• Login
  • Register
  • Dolphin Forums
  • Home
  • FAQ
  • Download
  • Wiki
  • Code


Dolphin, the GameCube and Wii emulator - Forums › Dolphin Emulator Discussion and Support › Development Discussion v
« Previous 1 ... 36 37 38 39 40 ... 116 Next »

Understanding Dolphin: Wii Memory Architecture
View New Posts | View Today's Posts

Pages (2): 1 2 Next »
Thread Rating:
  • 0 Vote(s) - 0 Average
  • 1
  • 2
  • 3
  • 4
  • 5
Thread Modes
Understanding Dolphin: Wii Memory Architecture
01-22-2015, 01:08 PM
#1
Stevie-O Offline
Junior Member
**
Posts: 6
Threads: 2
Joined: Jan 2015
I'm trying to understand the Wii memory architecture so I can better grasp how Dolphin works, but I've hit a stumbling block.

I'm using the following as references:
* User manual for PPC 740/750 (https://www-01.ibm.com/chips/techlib/techlib.nsf/techdocs/852569B20050FF7785256996006C28E2)
* Programming Environments Manual for 32-Bit Implementations of the. PowerPC™ Architecture (http://www.freescale.com/files/product/doc/MPCFPE32B.pdf)
(As best as I can tell, these datasheets correspond to the CPU codenamed "Broadway" that the Wii uses.)

As I understand it, when address translation is enabled, there are three types of addresses that are in use:
* 32-bit CPU Virtual addresses (those used by all memory accesses generated within the CPU proper, including load/store, instruction fetch, etc.)
* 52-bit(!) MMU Virtual addresses (those used by the MMU to do page-table lookups for virtual->physical mapping)
* 32-bit Real/physical addresses (those that show up on the memory bus connecting the MMU to RAM and memory-mapped devices and whatnot)

Furthermore, my understanding is this:
* Point 1: The upper 4 bits of CPU virtual addresses specify one of sixteen segment registers.  The low-order 24 bits of that segment register are combined with the low-order 28 bits of the CPU virtual address to get the MMU virtual address


I jailbroke a Wii and wrote a little Homebrew program to dump out the sixteen segment registers.  The results were not what I expected: I see 0x80000000 for all SRs!

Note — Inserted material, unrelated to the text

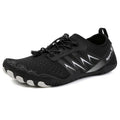 A pair of low-top river tracing shoes in a casual style with a mesh upper and rubber sole.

That would indicate that all segments are direct-store segments, except that my docs say that the 750 doesn't support direct-store segments.

I then modified my program to print the MSR. The output is: 0x0000b032, which according to my docs is:
EE=1 PR=0 FP=1 ME=1 IR=1 DR=1 RI=1
In particular, DR=1 and IR=1 means that address translation is, in fact, enabled for both loads/stores and for instruction fetches.

I then tried this:
* Create a global variable and set it to 42.
* Take the address of that variable (0x80034c60)
* Set the upper 4 bits to 0111 (0x70034c60)
* Read the value at that address.

Source: http://www.klozoff.org/wii/hwinfo/
(Main file: http://www.klozoff.org/wii/hwinfo/source/hwinfo.c

If SR7 and SR8 contain the same data, then 0x70034c60 and 0x80034c60 should generate the same virtual addresses, and thus generate the same physical adddresses.  Therefore, they should reference exactly the same memory, and the answer should be 42.

What I actually see happen is:
* On Dolphin (4.0-5099), the value printed for *(int*)0x70034c60 is 0, instead of 42.
* On a real Wii, the program crashes with a DSI exception at the point where it attempts to dereference the mangled pointer.

Obviously, I am missing something. But what?
Find
Reply
01-22-2015, 03:26 PM
#2
tueidj Offline
Senior Member
****
Posts: 552
Threads: 0
Joined: Apr 2013
You're missing Block Address Translation, which is regularly used instead of the Segment Descriptors (which are only used for some gamecube games due to ARAM not being directly addressable).
The reason Dolphin doesn't throw a DSI is because it a) doesn't emulate the BATs and SRs completely and b) has a "fake" memory block to cover the range normally used by games for virtual memory and you just happened to pick an address that hit it.
Find
Reply
01-23-2015, 11:24 AM
#3
Stevie-O Offline
Junior Member
**
Posts: 6
Threads: 2
Joined: Jan 2015
(01-22-2015, 03:26 PM)tueidj Wrote: You're missing Block Address Translation, which is regularly used instead of the Segment Descriptors (which are only used for some gamecube games due to ARAM not being directly addressable).
The reason Dolphin doesn't throw a DSI is because it a) doesn't emulate the BATs and SRs completely and b) has a "fake" memory block to cover the range normally used by games for virtual memory and you just happened to pick an address that hit it.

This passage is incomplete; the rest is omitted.